Vectors, Matrices/Arrays, and Lists

R Data Structures

BB

Overview

Yes, another one. I doubt there are many resources on R that don't at least touch on this subject however briefly as a failure to familiarize oneself with R's (or any language, for that matter) fundamental structures will lead to no end of misery down the road. Although this topic is far from exciting, I strongly recommend taking the time to understand native R object classes and how they relate to their respective methods.

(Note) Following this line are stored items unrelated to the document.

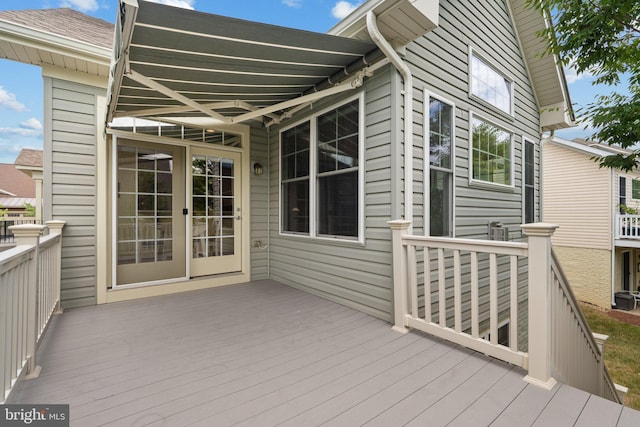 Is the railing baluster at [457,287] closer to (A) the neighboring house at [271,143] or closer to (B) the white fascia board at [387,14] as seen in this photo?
(A) the neighboring house at [271,143]

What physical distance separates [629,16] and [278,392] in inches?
233

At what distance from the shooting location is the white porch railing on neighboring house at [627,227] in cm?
908

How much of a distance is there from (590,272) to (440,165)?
401 inches

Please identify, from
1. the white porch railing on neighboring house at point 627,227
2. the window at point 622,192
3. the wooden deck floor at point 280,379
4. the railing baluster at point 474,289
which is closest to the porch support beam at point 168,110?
the wooden deck floor at point 280,379

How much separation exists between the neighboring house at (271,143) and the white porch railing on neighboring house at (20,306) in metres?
1.28

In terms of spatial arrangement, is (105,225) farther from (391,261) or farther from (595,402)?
(595,402)

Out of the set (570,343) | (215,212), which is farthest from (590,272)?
(215,212)

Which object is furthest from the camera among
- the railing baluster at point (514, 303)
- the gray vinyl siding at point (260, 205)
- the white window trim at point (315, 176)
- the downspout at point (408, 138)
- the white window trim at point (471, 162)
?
the gray vinyl siding at point (260, 205)

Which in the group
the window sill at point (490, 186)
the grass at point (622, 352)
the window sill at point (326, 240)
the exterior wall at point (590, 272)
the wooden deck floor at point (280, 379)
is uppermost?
the window sill at point (490, 186)

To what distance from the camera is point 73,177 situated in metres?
3.42

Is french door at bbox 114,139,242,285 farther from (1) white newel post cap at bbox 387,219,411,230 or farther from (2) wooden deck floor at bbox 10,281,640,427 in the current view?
(1) white newel post cap at bbox 387,219,411,230

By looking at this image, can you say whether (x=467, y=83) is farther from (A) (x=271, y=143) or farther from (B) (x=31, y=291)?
(B) (x=31, y=291)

As I noted, there is a lot of material on this subject already, the best of which I consider to be Hadley Wickham's Advanced R.Advanced R Given that this information is freely available online, I plan to avoid rehashing all of it and instead focus on a) demonstrating how you can explore and familiarize yourself with each structure and b) alert you to common mistakes and errors that I've made in the past so that others may avoid them (although hopefully you aren't quite the moron I am).

Before I begin, it is important to familiarize yourself with several helpful functions:

  • ?str - Display internal object structure. Oftentimes, this can be fairly verbose for data frames or complicated lists, but there are a number of options to control output (note: for anyone with adolescent-style humor, be sure to read through all the options...).
  • ?class - Identifies object's class (e.g., vector, list, data frame, etc.). You will use this regularly.
  • ?attributes - View object attributes including class, names (column or row), dimensions (for tables/matrices), and comments (if any).
  • Also of use are ?typeof and/or ?modeNote that the "?" in front of the functions brings up the help page in R to determine the internal storage representation.

Vectors

The vector is the most basic data structure in R as there is no such thing as a scalar; only vector's of length one. Vectors are generally created using the ?c function, although there are other methods.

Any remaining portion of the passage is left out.